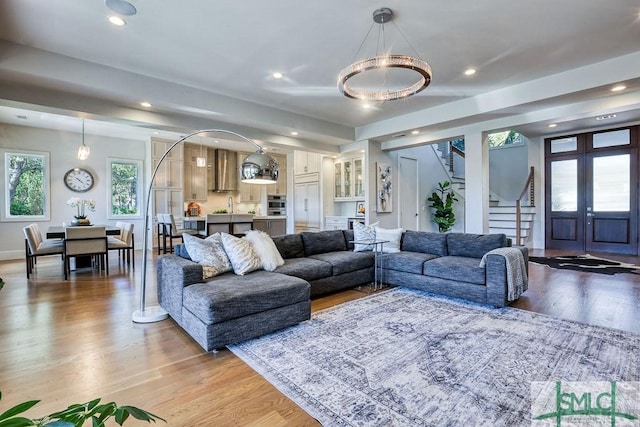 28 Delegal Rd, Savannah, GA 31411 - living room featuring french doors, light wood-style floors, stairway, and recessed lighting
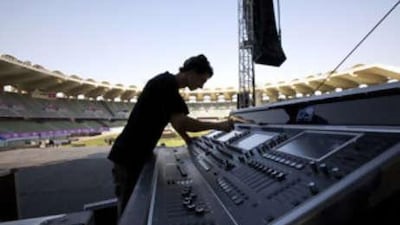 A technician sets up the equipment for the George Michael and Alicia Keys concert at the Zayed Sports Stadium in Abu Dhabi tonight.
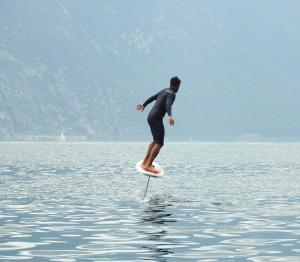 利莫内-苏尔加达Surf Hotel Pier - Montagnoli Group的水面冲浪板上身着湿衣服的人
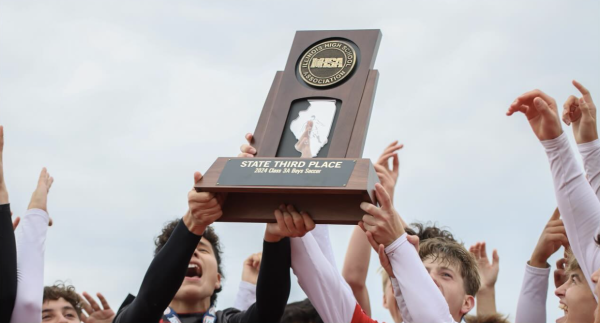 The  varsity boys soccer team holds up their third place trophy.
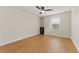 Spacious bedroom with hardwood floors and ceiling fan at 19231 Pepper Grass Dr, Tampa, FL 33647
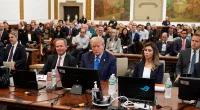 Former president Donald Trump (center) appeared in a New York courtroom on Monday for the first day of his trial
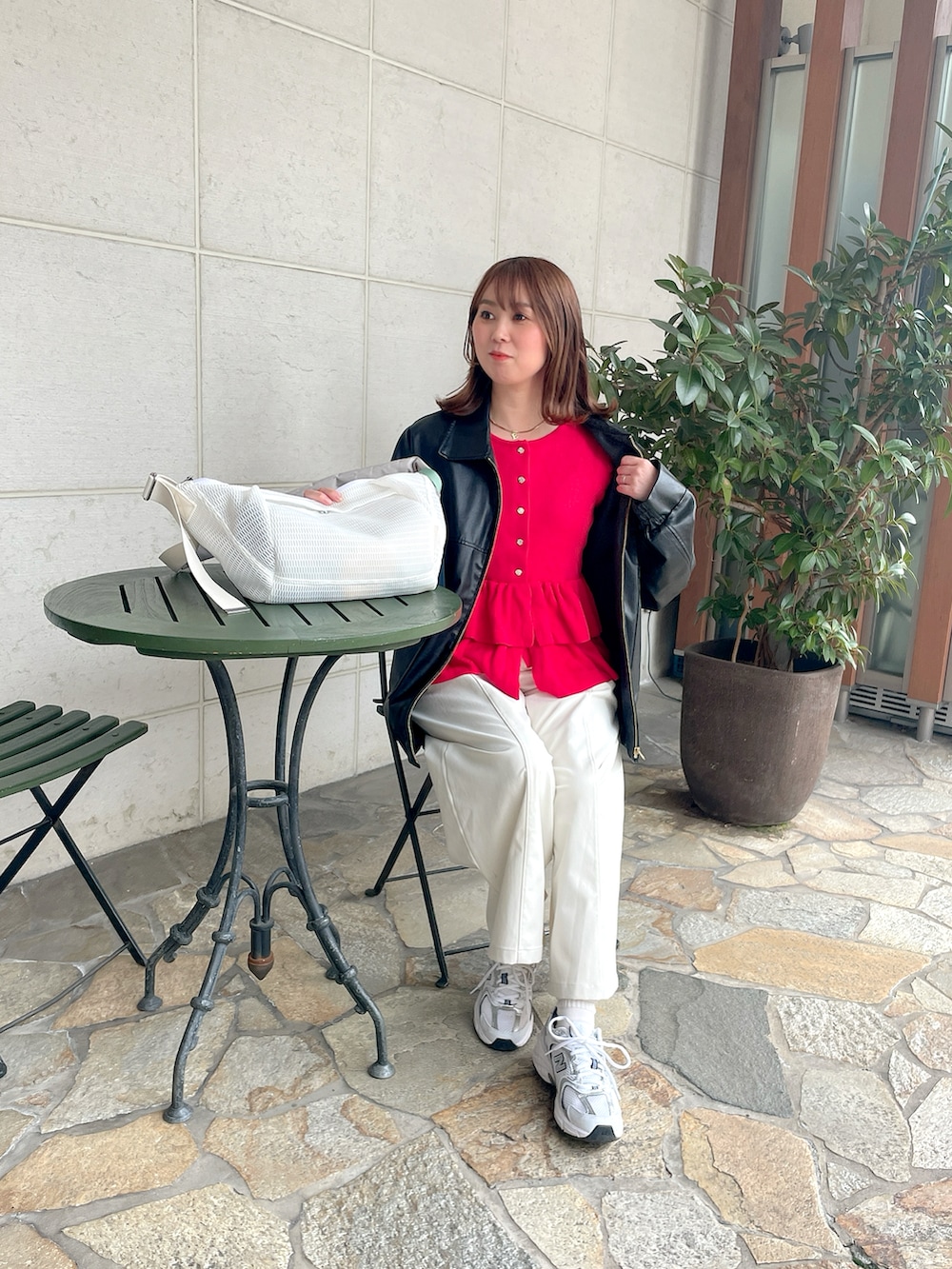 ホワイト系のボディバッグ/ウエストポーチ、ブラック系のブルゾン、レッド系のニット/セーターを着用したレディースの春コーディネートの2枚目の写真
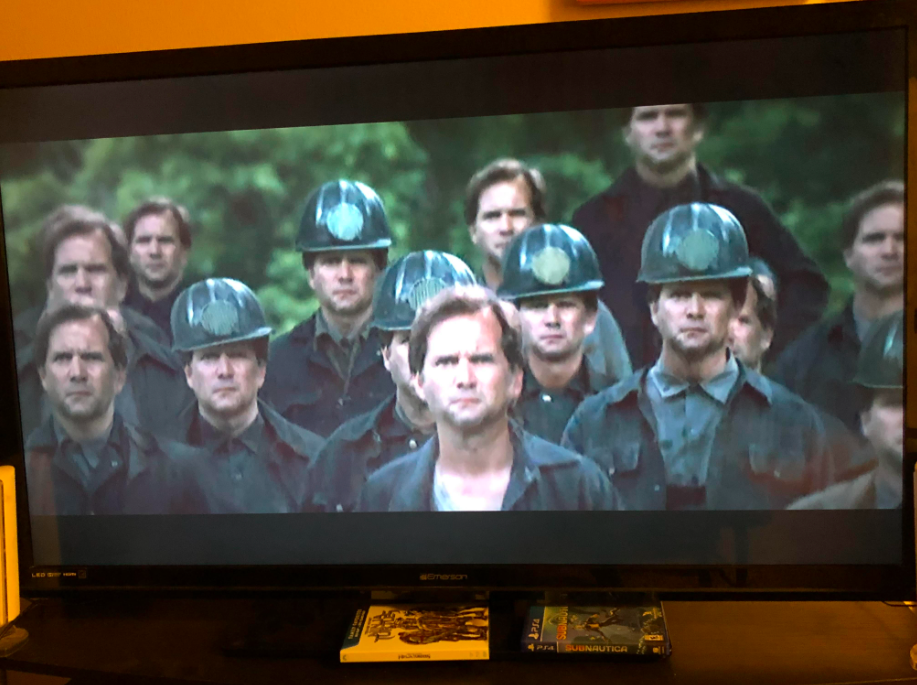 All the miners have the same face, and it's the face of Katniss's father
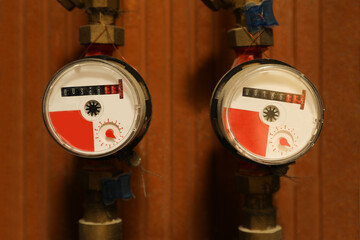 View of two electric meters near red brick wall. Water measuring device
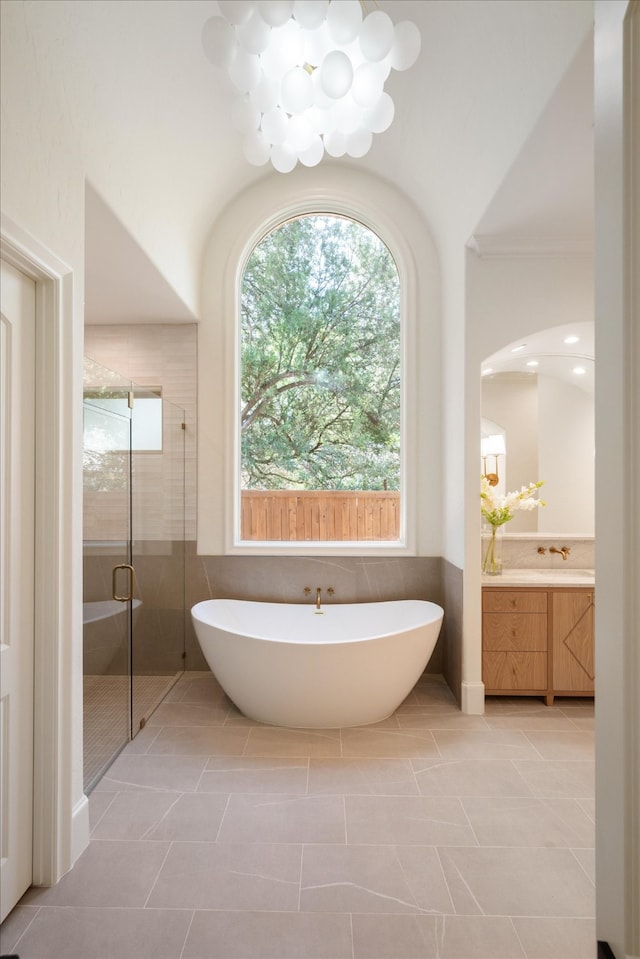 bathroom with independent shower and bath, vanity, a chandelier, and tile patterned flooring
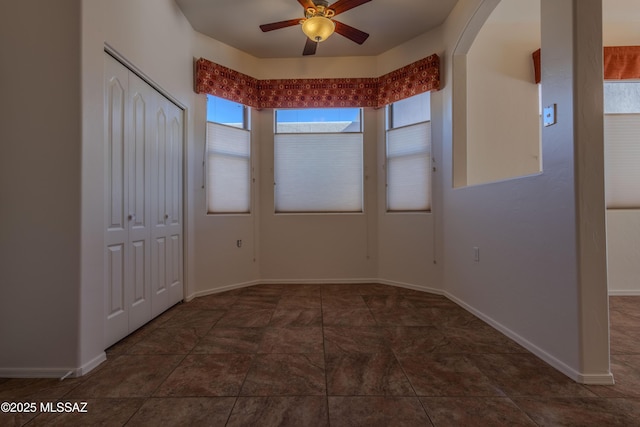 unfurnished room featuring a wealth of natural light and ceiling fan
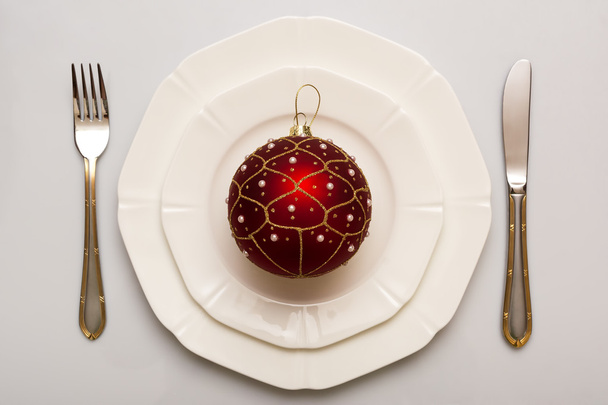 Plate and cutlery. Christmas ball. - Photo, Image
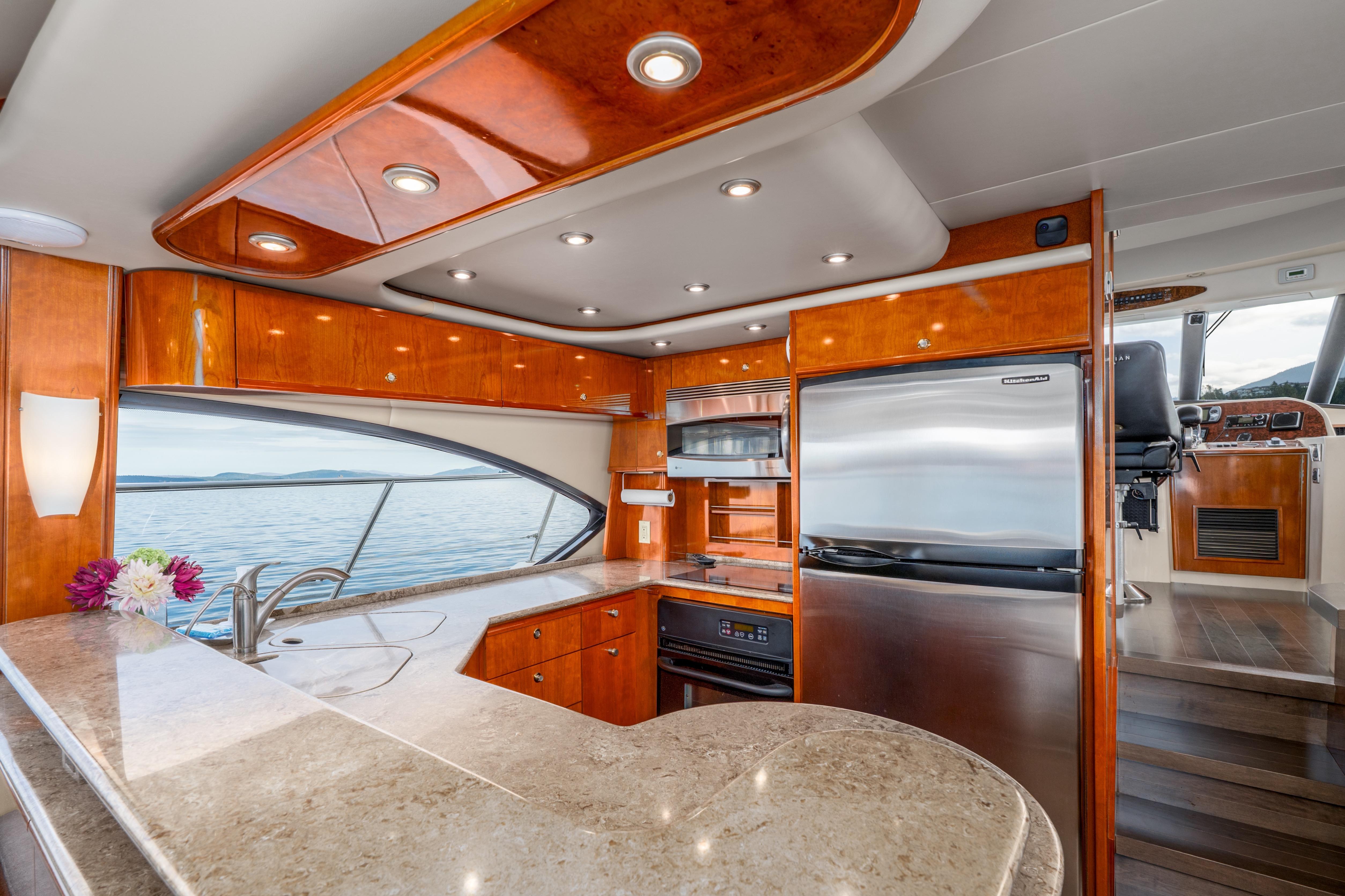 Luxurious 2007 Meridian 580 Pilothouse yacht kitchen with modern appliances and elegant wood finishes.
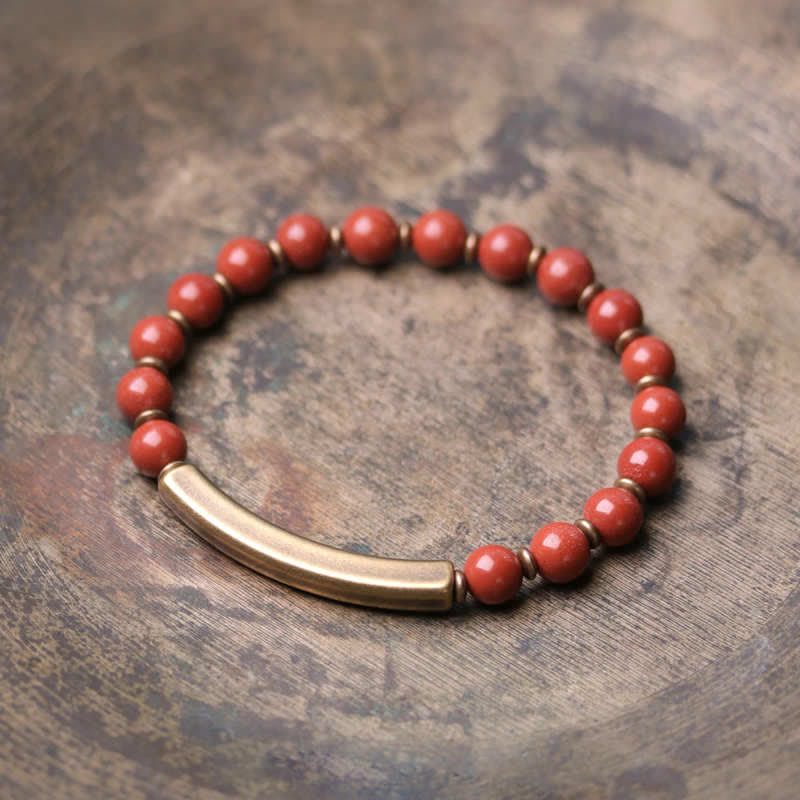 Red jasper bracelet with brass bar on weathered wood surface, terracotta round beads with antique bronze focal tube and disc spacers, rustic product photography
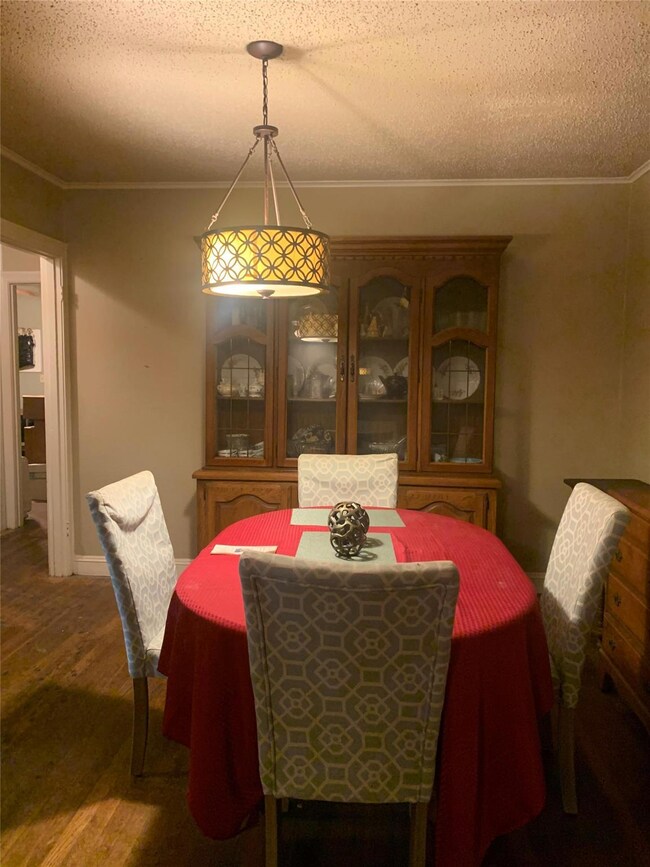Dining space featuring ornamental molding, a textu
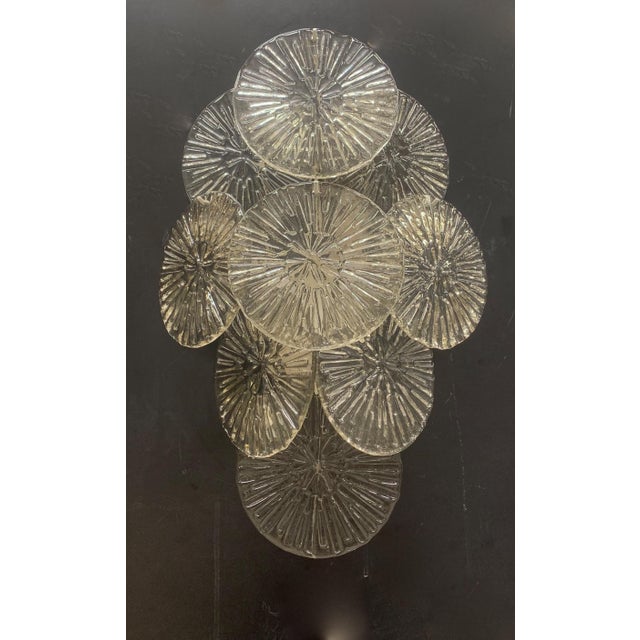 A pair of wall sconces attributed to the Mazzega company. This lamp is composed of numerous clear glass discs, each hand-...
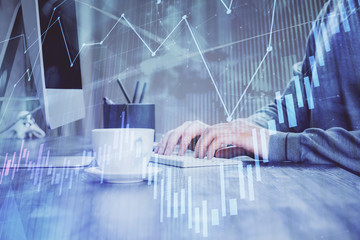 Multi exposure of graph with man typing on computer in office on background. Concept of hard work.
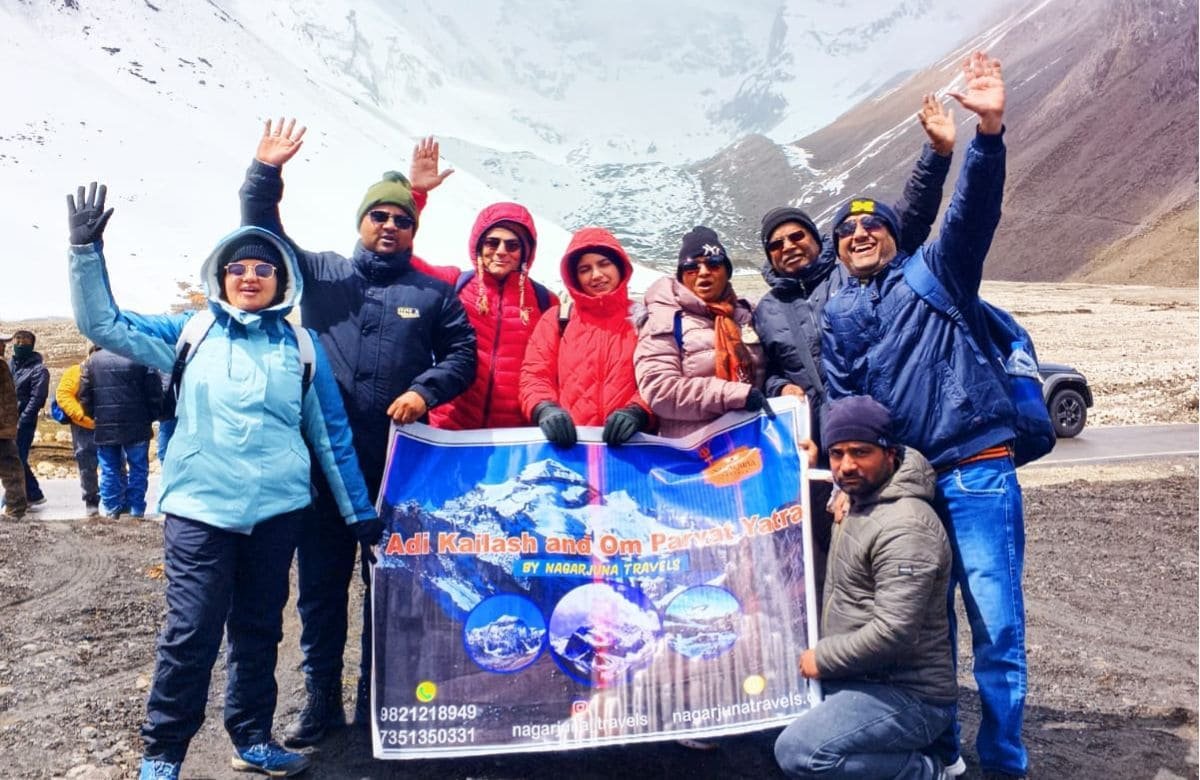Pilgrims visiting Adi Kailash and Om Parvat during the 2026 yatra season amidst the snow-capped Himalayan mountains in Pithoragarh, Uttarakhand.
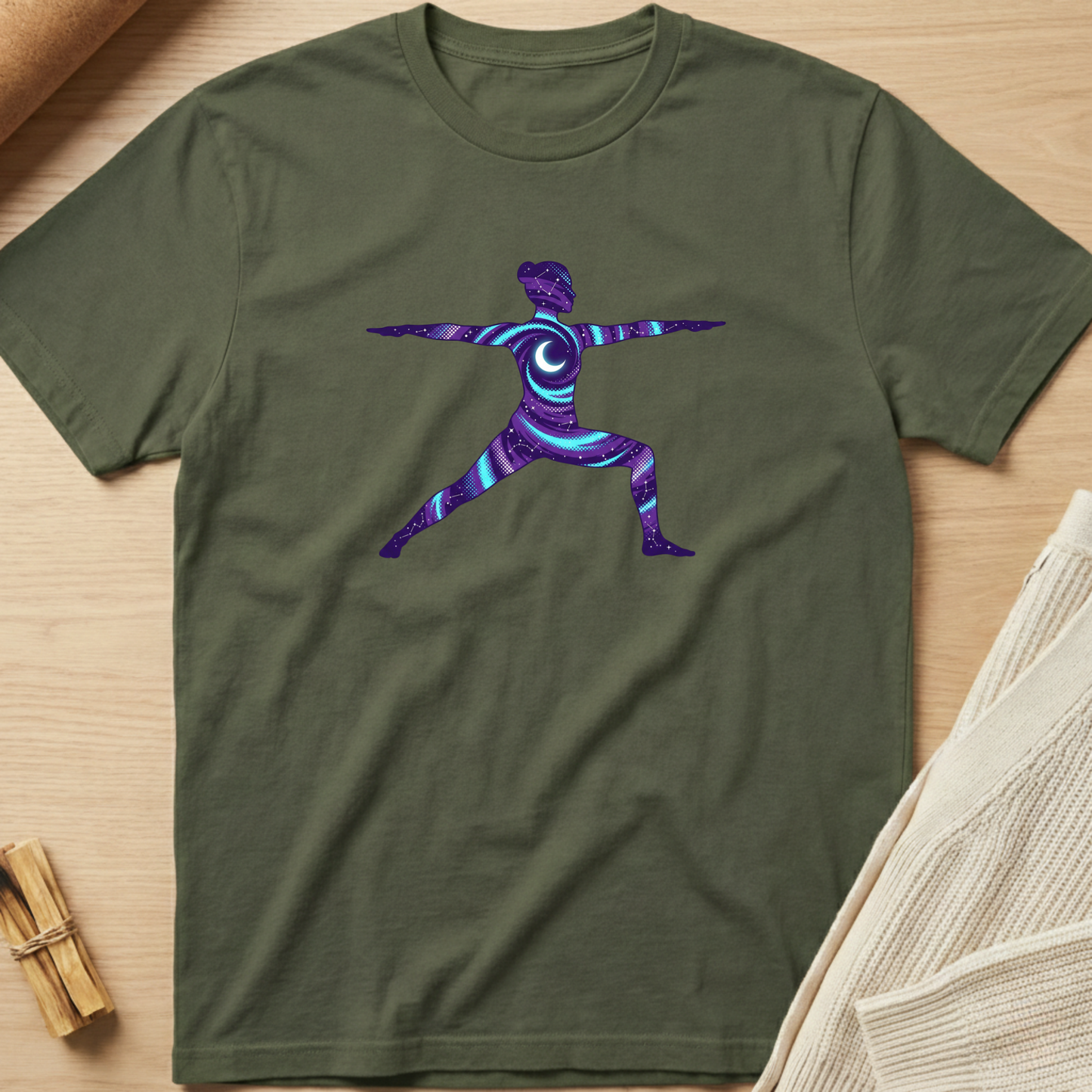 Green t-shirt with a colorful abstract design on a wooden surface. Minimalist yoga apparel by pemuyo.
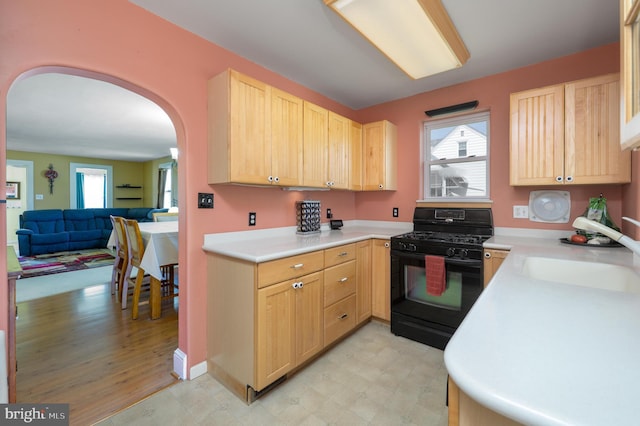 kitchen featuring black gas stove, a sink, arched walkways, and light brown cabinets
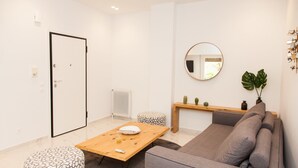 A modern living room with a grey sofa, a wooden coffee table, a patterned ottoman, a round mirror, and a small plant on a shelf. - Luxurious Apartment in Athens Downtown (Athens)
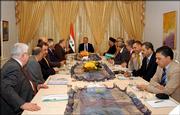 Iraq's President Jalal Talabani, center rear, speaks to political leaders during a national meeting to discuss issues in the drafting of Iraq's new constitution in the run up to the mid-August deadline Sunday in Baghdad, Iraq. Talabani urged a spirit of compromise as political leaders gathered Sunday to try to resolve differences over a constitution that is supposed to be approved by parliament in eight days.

▬▬▬▬▬▬

▸ Your objective: Everything above from the line with "利莫内-苏尔加达Surf Hotel Pier" through the line with "Green t-shirt with" should be retyped exactly, and nothing else; omit pictures.

▸ Reply to the exercise:
 利莫内-苏尔加达Surf Hotel Pier - Montagnoli Group的水面冲浪板上身着湿衣服的人
 The  varsity boys soccer team holds up their third place trophy.
 Spacious bedroom with hardwood floors and ceiling fan at 19231 Pepper Grass Dr, Tampa, FL 33647
 Former president Donald Trump (center) appeared in a New York courtroom on Monday for the first day of his trial
 ホワイト系のボディバッグ/ウエストポーチ、ブラック系のブルゾン、レッド系のニット/セーターを着用したレディースの春コーディネートの2枚目の写真
 All the miners have the same face, and it's the face of Katniss's father
 View of two electric meters near red brick wall. Water measuring device
 bathroom with independent shower and bath, vanity, a chandelier, and tile patterned flooring
 unfurnished room featuring a wealth of natural light and ceiling fan
 Plate and cutlery. Christmas ball. - Photo, Image
 Luxurious 2007 Meridian 580 Pilothouse yacht kitchen with modern appliances and elegant wood finishes.
 Red jasper bracelet with brass bar on weathered wood surface, terracotta round beads with antique bronze focal tube and disc spacers, rustic product photography
Dining space featuring ornamental molding, a textu
 A pair of wall sconces attributed to the Mazzega company. This lamp is composed of numerous clear glass discs, each hand-...
 Multi exposure of graph with man typing on computer in office on background. Concept of hard work.
Pilgrims visiting Adi Kailash and Om Parvat during the 2026 yatra season amidst the snow-capped Himalayan mountains in Pithoragarh, Uttarakhand.
 Green t-shirt with a colorful abstract design on a wooden surface. Minimalist yoga apparel by pemuyo.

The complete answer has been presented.